Let's consider an example. We wish to create two input ports, foo and bar. Here is the obvious way:

  (let stream '(#\f #\o #\o)
    (def foo ())
    
    (extend peekc (x) (is x foo)
      (car stream))
      
    (extend readc (x) (is x foo)
      (pop stream)))
      
      
  (let stream '(#\b #\a #\r)
    (def bar ())
    
    (extend peekc (x) (is x bar)
      (car stream))
      
    (extend readc (x) (is x bar)
      (pop stream)))

Now let's test it:

  (peekc foo) -> #\f
  (readc foo) -> #\f
  (readc foo) -> #\o
  (readc foo) -> #\o
  (readc foo) -> nil

  (peekc bar) -> #\b
  (readc bar) -> #\b
  (readc bar) -> #\a
  (readc bar) -> #\r
  (readc bar) -> nil

And it works perfectly. But you'll note a couple things... first off, the verbosity. Even worse, there's duplicate code! A macro won't help much, because your stream might want different behavior, so you still need to define it individually. And this was only an example with extending readc and peekc... let alone the other input functions! Not only is the above verbose, but it's inefficient! Every time you want to create a new stream, you need to re-extend all the relevant built-in functions...

Now, that was just streams. Tables are a whole different ballgame. In fact, in pgArc it's impossible to make a fake table (something that looks and behaves like a table, but isn't). This is because you can't properly extend eval and apply in Arc. But even if you could, it would be just as clunky as the stream example (or worse).

Why is this? It is for the exact same reason: tables contain private data that only Racket knows about. Arc cannot access that private data, nor can it create it. But before we solve that problem, let's take a little detour...

---

There are fundamentally two ways of calling a function. Let's consider a simple example:

  (+ 1 5)  -> 6
  (1 '+ 5) -> 6

Woah, what's going on here? Suppose we had a hypothetical Lisp language where numbers were functions. Rather than calling (+ 1 5) you would call the number, and tell it what behavior you want (in this case, addition). Thus:

  (+ 1 5) -> (1 '+ 5)
  (- 1 5) -> (1 '- 5)
  (* 1 5) -> (1 '* 5)
  ...

What gives? That's really weird! Why are we doing this? Hold that thought for a moment, please. Let's look at some more examples:

  (car my-list)       -> (my-list 'car)
  (len my-list)       -> (my-list 'len)
  (my-table 'foo)     -> (my-table 'get 'foo)
  (= my-table.'foo 5) -> (my-table 'set 'foo 5)

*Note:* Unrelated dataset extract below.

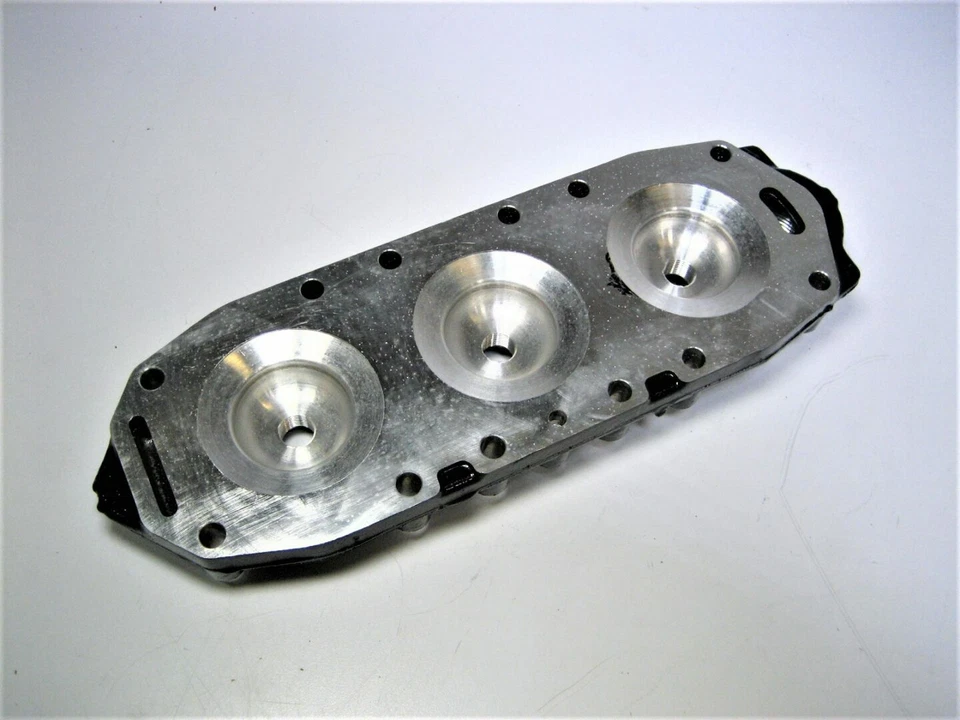 OMC 341563 Evinrude Johnson 25 / 35HP Outboard Engine Cylinder Head - Image 4 of 4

No, really, why are we doing this? Let's go back to our two streams from before. They both contain private data, specifically a list of characters. peekc and readc need access to that private data, so we extend them. The alternative would be to store the data as global variables, which is ridiculous.

But... wait... functions can accept arguments. Consider the two streams again. foo is a self-contained stream, that has access to private data. We want a way to access that private data, which is why we use the functions readc and peekc. The problem is, that the behavior of the private data varies depending on how foo is called.

If foo is called by readc, we want it to consume a character... but if foo is called by peekc, we don't want it to consume a character. But foo doesn't know what function called it! It doesn't know whether it was called by readc or peekc, so how does it know what to do? Simple, we give it a message, telling it what to do:

  (foo 'peek)
  (foo 'read)

The first argument to foo is a symbol, telling foo what to do. Now foo knows whether it should consume a character or not. But... why are we going into this whole "message passing" thing? To reduce verbosity and drastically increase extensibility. Let's assume that we adopted this message-passing system. You could now write the two streams like this:

  (let stream '(#\f #\o #\o)
    (= foo (annotate 'input (fn (x)
                              (case x
                                'peek (car stream)
                                'read (pop stream))))))
                                
  (let stream '(#\b #\a #\r)
    (= bar (annotate 'input (fn (x)
                              (case x
                                'peek (car stream)
                                'read (pop stream))))))

You'll note something. I didn't have to extend anything. I didn't have to extend readc, or peekc, or readb, or anything else. Everything just works. Imagine if every time you wanted to make a new stream, you had to extend several built-ins... ew. This way, you don't need to extend anything.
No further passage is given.